Afresco A Dança Macabra, pintado em 1490 por Johannes de Castua


Cristina e Irineo, os anjos que me levaram por caminhos inusitados

E depois disso seguimos para Piran. Que lugar aconchegante! Uma cidadezinha onde não se entra de carro, só a pé, que tem cara de Itália (eu ainda não tinha ido lá mas sabia que era parecido) e que, na verdade, há muitas décadas, pertenceu à Itália.

Ah, o mar... fazia 2 meses que eu não o via!




Foto: Irineo


   Ao final do dia, essas pessoas lindas - Cristina e Irineo - me levaram a Koper até um ponto de taxi, e enquanto o Irineo me ajudava com as malas, a Cristina conversou com o taxista, negociou um bom preço para a corrida até Trieste, na Itália, de onde eu seguiria para Veneza.



   E pra fechar com chave de ouro...

   O taxista era um fofo! Um senhorzinho que foi o trajeto todo (cerca de meia hora) me contando histórias de quando Piran era parte da Itália e etc etc... Chegando na estação de trem de Trieste, ele entrou comigo, me acompanhou na compra da passagem, porque se não tivesse trem para aquele dia ela ia me ajudar a procurar um hotel que não fosse (muito) caro. Percebi que ele não ia me deixar enquanto eu não estivesse com tudo resolvido. Uma simpatia e boa vontade sem tamanho! Ainda bem que tinha trem, e antes da meia noite eu estava chegando em Veneza - e aí já foi outro capítulo da minha saga!

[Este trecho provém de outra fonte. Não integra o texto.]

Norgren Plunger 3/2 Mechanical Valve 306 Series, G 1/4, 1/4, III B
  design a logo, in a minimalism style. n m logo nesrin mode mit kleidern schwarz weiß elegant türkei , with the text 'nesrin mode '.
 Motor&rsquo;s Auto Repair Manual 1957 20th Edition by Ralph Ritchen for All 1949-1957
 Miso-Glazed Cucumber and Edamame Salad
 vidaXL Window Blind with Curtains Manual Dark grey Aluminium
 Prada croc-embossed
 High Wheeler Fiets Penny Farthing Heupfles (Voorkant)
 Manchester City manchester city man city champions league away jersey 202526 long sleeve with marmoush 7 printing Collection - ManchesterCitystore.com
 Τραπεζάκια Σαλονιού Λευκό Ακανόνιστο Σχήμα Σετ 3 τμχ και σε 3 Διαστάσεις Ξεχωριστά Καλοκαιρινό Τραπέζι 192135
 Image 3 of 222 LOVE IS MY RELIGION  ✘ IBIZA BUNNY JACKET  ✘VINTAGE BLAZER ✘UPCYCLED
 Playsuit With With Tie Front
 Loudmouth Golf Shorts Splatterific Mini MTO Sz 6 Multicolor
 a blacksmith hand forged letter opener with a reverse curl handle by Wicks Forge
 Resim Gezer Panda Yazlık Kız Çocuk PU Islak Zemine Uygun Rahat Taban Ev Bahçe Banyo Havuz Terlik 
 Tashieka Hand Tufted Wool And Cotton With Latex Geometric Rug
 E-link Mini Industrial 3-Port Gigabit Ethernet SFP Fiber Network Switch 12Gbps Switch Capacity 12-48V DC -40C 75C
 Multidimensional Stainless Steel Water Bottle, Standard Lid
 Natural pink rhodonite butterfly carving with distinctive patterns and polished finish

    Êta dia longo e danado de bom, sô!

   E a Mercedes Sossa volta a ecoar nos meus pensamentos: "Gracias a la vida que me ha dado tanto..."
   GRATIDÃO SEM FIM!

Fazer amigos é a melhor parte da viagem - 1

VOGEL: uma história sobre estar disponível para as propostas da vida (que é diferente de deixar a vida me levar)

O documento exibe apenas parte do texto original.